--- EXERCISE INPUT ---
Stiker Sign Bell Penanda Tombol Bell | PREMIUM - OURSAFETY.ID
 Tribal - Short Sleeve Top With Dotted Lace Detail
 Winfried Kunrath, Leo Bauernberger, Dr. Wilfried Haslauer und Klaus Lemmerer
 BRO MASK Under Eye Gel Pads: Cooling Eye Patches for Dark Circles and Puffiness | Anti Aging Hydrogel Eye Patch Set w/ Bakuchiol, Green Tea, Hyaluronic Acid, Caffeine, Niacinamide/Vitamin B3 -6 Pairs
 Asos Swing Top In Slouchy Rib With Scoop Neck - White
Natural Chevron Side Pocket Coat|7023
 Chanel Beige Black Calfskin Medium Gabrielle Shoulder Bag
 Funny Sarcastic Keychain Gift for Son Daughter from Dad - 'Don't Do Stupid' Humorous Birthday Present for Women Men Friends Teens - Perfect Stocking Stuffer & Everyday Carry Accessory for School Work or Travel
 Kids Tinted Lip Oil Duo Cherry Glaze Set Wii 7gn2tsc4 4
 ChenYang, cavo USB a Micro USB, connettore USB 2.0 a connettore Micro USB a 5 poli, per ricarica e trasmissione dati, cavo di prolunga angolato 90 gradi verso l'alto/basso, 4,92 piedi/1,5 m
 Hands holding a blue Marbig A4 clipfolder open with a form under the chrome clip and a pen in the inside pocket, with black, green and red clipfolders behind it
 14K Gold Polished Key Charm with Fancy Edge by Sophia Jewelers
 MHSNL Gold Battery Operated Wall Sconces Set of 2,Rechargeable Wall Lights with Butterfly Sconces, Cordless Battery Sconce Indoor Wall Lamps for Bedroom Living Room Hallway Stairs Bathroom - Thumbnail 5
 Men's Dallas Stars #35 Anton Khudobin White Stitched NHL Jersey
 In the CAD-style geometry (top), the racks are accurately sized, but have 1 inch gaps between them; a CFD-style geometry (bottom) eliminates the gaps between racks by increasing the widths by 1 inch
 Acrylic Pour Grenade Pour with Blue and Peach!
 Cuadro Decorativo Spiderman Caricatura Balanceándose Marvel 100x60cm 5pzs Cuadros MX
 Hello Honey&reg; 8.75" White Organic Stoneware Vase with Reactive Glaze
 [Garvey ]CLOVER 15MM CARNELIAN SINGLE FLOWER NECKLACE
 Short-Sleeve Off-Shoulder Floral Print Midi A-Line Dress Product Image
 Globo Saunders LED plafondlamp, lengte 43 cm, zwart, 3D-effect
---
• EXERCISE
Every line of the listing that includes the word "Shoulder" must be copied.

• RESPONSE BOX
 Chanel Beige Black Calfskin Medium Gabrielle Shoulder Bag
 Short-Sleeve Off-Shoulder Floral Print Midi A-Line Dress Product Image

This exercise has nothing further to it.